Where Pallets Got Their Start
Pallets were invented around the same time as the forklift. Although rudimentary versions may have existed earlier, pallets and forklifts are inseparable tools and you won’t see one without the other. As the forklift was developed, pallets first accompanied it in the form of skids.
Skids were proto-pallets made of wood or metal. Some of them even had iron legs. However, it quickly became apparent that things like iron legs were clunky and unsustainable, so they were replaced by sets of wooden beams called “stringers.”
Although “stringers” was the name for the wooden beams that supported a pallet, it is also the current name of many pallets you see today. Most light wood pallets you see in stores are “stringer pallets,” which means they have three vertical beams of wood in between the top and bottom deck boards.
The stringer pallet form was finalized in 1925, and not much about it has changed since then.

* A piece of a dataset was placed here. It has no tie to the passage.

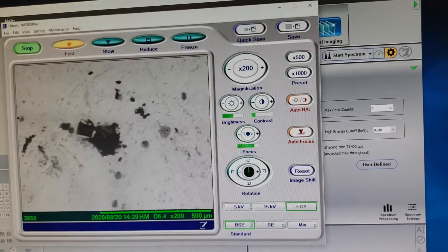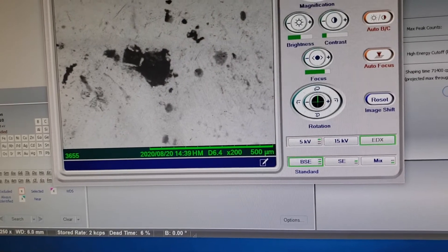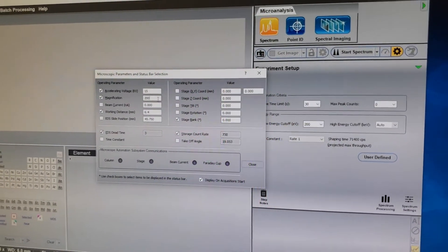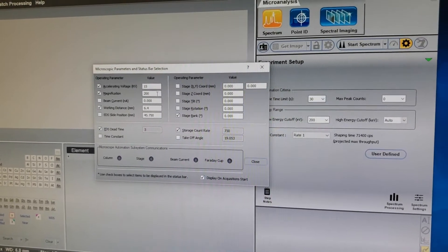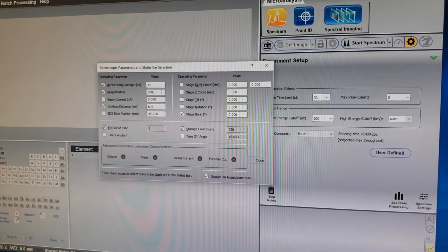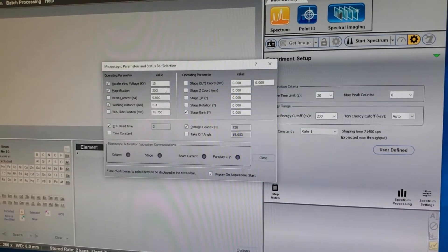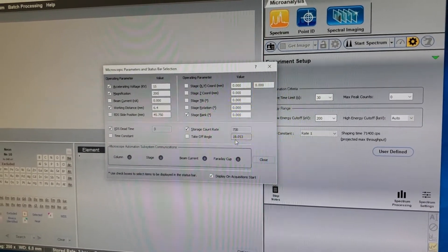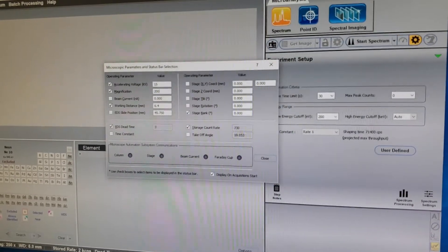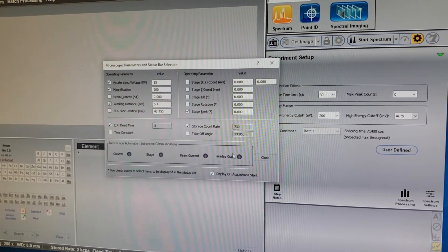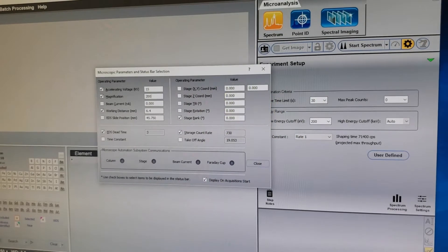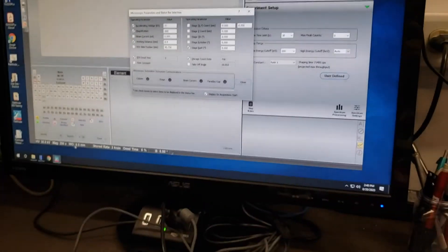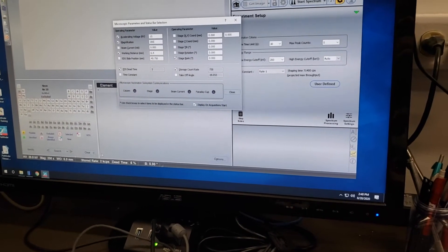Because I changed my focus, my working distance changed just a little bit. In Spectrum mode, these two things don't matter as much. In Point ID and Spectral Imaging, it's very important that those values are updated. If at any point I change those values, I can get the dialog box back by clicking anywhere along the bottom bar where it shows working distance, magnification, and accelerating voltage.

Pallets were practically perfect right from the start, and innovation didn’t seem necessary.
World War II
Stringer pallets became especially prevalent during World War II when the military used them to ship equipment and rations all over the world. Prior to the war, pallets competed with various other carrying methods. After the war, pallets took over almost completely.
As pallets grew more omnipresent, people began to notice a lot of extra pallet waste. Once products reached their destinations, shippers discarded their pallets. These piles of pallets would end up in landfills, on roadways, or in the backs of stores.
Innovators soon realized they could easily scoop up broken and used pallets, repair them, and sell them back to manufacturers at a profit. This recycling practice continues to this day, with recyclers paying a few dollars for pallets, fixing them, and selling them back to shippers for a couple dollars more than they paid.
How Pallets Have Changed in Recent Years
Although the pallet form seems perfect, people have tried to improve upon it. Most notably by creating block pallets.
Unlike stringer pallets, block pallets use blocks of wood between the deck boards instead of beams. This style makes the pallets stronger and enables forklifts to take hold of them from any side. (Stringer pallets only allow entry from two sides.) Block pallets were originally created by a company called CHEP.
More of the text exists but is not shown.